You are just afraid of having no freewill. Just admit to it!

You keep modifying your statements. “basic facts of live.”; “at its core deterministic”. Well, the “core” of the world are its elementary particles. The mainstream scientific understanding of our days is that the elementary particles do not behave in a deterministic fashion. The belief that this randomness is due to our lack of knowledge is called hidden variable theory. There is no evidence whatsoever that these hidden variables exist. ‘Therefore, most physicists do not believe in hidden variables or many worlds. We have no evidence for their existence. Therefore, the mainstream understanding is that quantum mechanics is a complete description of these particles.  So you reject the existence of god for lack of evidence but you postulate hidden variables but have no evidence whatsoever for their existence. That’s inconsistent reasoning.

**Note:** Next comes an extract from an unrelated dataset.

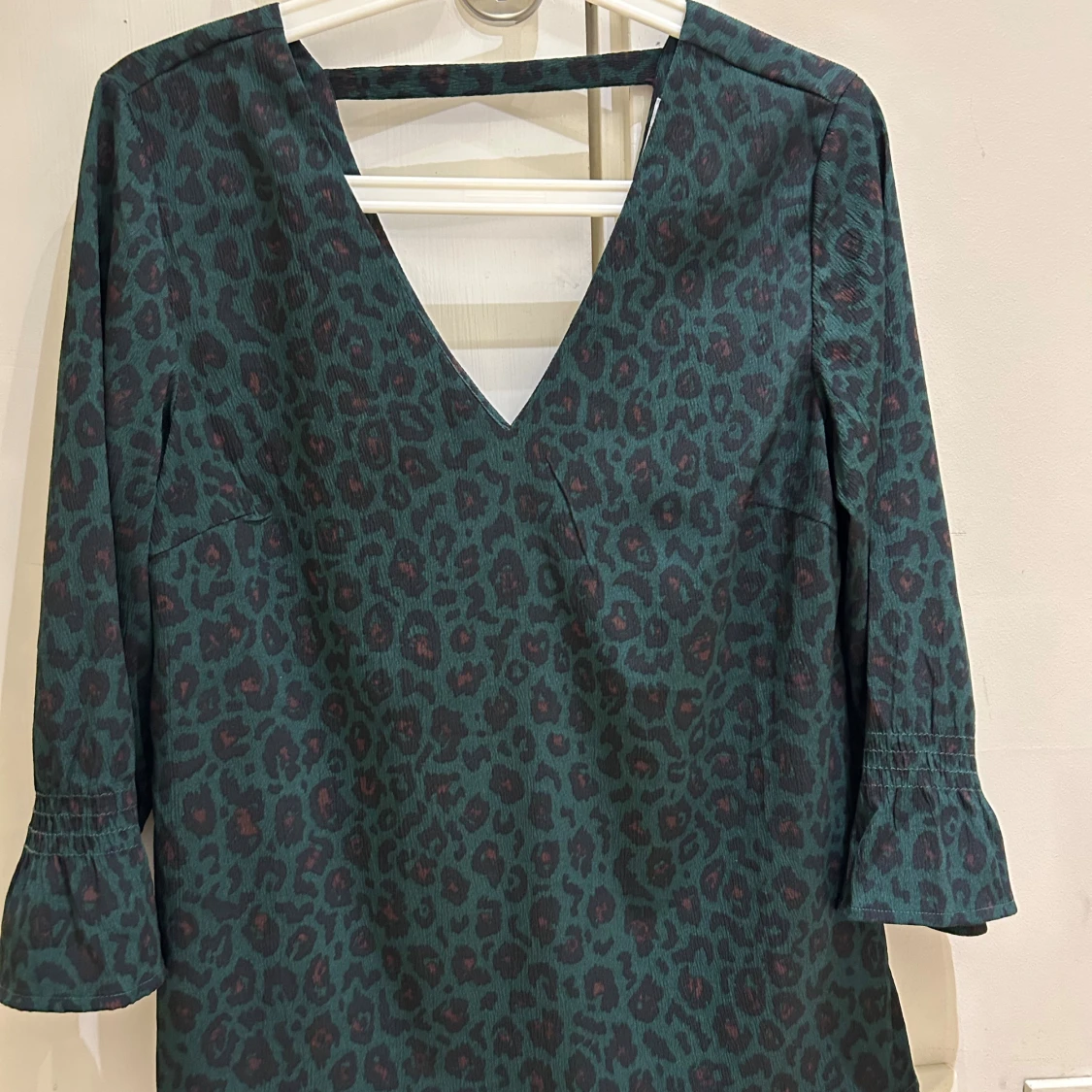 Grön leopardmönstrad blus från VILA - 1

The theory is extremely successful. The theory has been tested like no other theory of physics. For example, QM explains the periodic table of elements ... Chemistry is basically governed by the behavior of the valence electrons of atoms. This is pure quantum mechanics and a sound understanding of chemistry is not possible without quantum mechanics. Therefore, all chemistry majors learn QM.

The correspondence principle explains how the non-deterministic world may appear to be deterministic. Newtonian physics is an approximation of quantum mechanics under certain constraints. That’s why it works pretty well. But, it doesn’t always play out this way. This is a topic of intense research. If you want to understand this paradox, you are going to have to study quantum mechanics. Sorry man!

Yes, there are many things that can be predicted with a high probability. But, if you wan’t to prove the non-existence of free will based on a comletely deterministic world, then high probability is not enough. That’s a non sequitur. There are many things you can’t do, for sure, 100% sure. You can’t stop drinking and survive for years, 100% sure. You can’t start flying in the air by waving your hands in the air, 100%. Sure. There are limits to our freedom. But that doesn’t mean that we do not have any choices whatsoever. You can drink 2 liters of water per day or 3 liters if you like. You can jump in the air, walk, take an air plane or swim, drive a car….

Finally, we are talking about human behavior. If you could predict human behavior precisely, then you would have a point. But, you can’t. You can’t even predict human behavior approximately. You are in fact making a bold conjecture: Because many everyday events appear to be predictable, everything is precisely predictable.  The conjecture is wrong.